Saat prosesi mediasi itu, orang tua S juga sempat meminta uang ganti rugi sebanyak Rp 100 juta. Namun, pihak keluarga R tidak bisa menyanggupi hal itu karena hanya mampu memberikan uang sebesar Rp 15-20 juta.
"Penyidik Polres Padangsidimpuan melakukan mediasi tiga kali saat penyelidikan serta diversi dua kali saat sidik terhadap para pihak. Namun, tidak tercapai kesepakatan karena orang tua S meminta ganti rugi di atas Rp 100 juta, sedangkan orang tua R hanya mampu sekitar Rp15-20 juta," jelas Hadi.
Polisi dan pemerintah setempat pun memediasi kasus tersebut, pada Selasa (12/11) . Hasil mediasi, kedua belah pihak sepakat untuk berdamai.
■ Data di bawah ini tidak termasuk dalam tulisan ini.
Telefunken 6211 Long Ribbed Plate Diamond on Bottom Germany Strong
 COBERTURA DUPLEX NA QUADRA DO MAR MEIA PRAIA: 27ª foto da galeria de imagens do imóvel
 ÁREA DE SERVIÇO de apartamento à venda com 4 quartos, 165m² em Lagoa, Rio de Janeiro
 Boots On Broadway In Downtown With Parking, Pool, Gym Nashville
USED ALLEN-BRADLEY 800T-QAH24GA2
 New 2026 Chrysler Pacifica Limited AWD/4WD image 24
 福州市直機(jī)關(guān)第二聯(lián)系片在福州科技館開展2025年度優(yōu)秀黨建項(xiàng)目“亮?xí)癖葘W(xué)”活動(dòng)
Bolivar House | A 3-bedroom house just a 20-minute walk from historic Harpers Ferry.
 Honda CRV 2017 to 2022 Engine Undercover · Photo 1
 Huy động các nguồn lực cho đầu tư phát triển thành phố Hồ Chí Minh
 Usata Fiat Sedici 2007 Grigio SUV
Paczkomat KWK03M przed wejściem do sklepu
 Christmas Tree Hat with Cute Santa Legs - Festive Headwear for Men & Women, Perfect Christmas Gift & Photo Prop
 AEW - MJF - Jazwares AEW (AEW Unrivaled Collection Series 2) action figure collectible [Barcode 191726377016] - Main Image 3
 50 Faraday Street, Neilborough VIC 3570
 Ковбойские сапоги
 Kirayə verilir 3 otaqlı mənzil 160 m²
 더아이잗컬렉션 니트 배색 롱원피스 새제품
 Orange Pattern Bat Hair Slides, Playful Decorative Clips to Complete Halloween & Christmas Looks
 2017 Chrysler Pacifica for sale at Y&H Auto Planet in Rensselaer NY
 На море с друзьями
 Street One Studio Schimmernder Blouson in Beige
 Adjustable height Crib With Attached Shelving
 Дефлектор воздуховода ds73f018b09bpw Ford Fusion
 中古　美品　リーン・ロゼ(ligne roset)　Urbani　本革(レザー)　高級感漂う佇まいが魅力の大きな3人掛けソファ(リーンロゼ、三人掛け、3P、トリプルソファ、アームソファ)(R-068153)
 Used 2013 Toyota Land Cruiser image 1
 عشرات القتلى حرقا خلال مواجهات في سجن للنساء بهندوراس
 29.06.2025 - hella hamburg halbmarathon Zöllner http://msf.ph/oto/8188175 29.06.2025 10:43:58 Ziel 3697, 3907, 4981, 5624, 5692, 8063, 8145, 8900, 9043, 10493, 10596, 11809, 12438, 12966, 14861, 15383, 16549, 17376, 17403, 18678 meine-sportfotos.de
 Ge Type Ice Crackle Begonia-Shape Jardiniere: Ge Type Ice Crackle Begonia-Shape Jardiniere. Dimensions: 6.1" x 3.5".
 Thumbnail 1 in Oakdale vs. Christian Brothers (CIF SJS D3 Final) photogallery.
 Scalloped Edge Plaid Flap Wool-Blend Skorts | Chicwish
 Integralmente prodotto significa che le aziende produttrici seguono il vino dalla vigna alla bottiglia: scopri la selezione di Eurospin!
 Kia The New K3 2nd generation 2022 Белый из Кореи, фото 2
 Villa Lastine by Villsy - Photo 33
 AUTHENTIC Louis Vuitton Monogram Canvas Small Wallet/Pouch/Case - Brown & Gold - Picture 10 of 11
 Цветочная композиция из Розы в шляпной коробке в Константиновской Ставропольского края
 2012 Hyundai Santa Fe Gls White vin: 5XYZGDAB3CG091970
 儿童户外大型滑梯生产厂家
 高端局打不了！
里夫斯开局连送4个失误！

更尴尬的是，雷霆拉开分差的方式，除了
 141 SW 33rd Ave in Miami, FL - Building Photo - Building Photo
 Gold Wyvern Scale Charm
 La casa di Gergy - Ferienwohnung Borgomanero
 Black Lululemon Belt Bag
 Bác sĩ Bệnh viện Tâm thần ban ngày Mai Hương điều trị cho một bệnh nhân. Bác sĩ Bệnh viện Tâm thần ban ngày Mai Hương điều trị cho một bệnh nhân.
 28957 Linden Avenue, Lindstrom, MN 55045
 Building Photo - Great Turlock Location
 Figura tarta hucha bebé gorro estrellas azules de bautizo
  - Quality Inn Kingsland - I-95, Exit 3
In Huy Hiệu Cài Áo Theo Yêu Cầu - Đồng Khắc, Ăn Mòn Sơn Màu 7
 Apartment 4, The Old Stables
"Mediasi kita hari ini berjalan lancar dengan dilakukannya perdamaian dengan kekeluargaan dan mereka saling memaafkan," kata Hadi.
Selain itu, kedua belah pihak juga sepakat untuk mencabut laporan mereka masing-masing. Keputusan itu diambil dengan pertimbangan masa depan kedua remaja tersebut.
"Atas pertimbangan masa depan anak, nama baik keluarga, situasi Kamtibmas Kota Padangsidimpuan. Masing-masing pihak mencabut laporan pengaduan," jelasnya.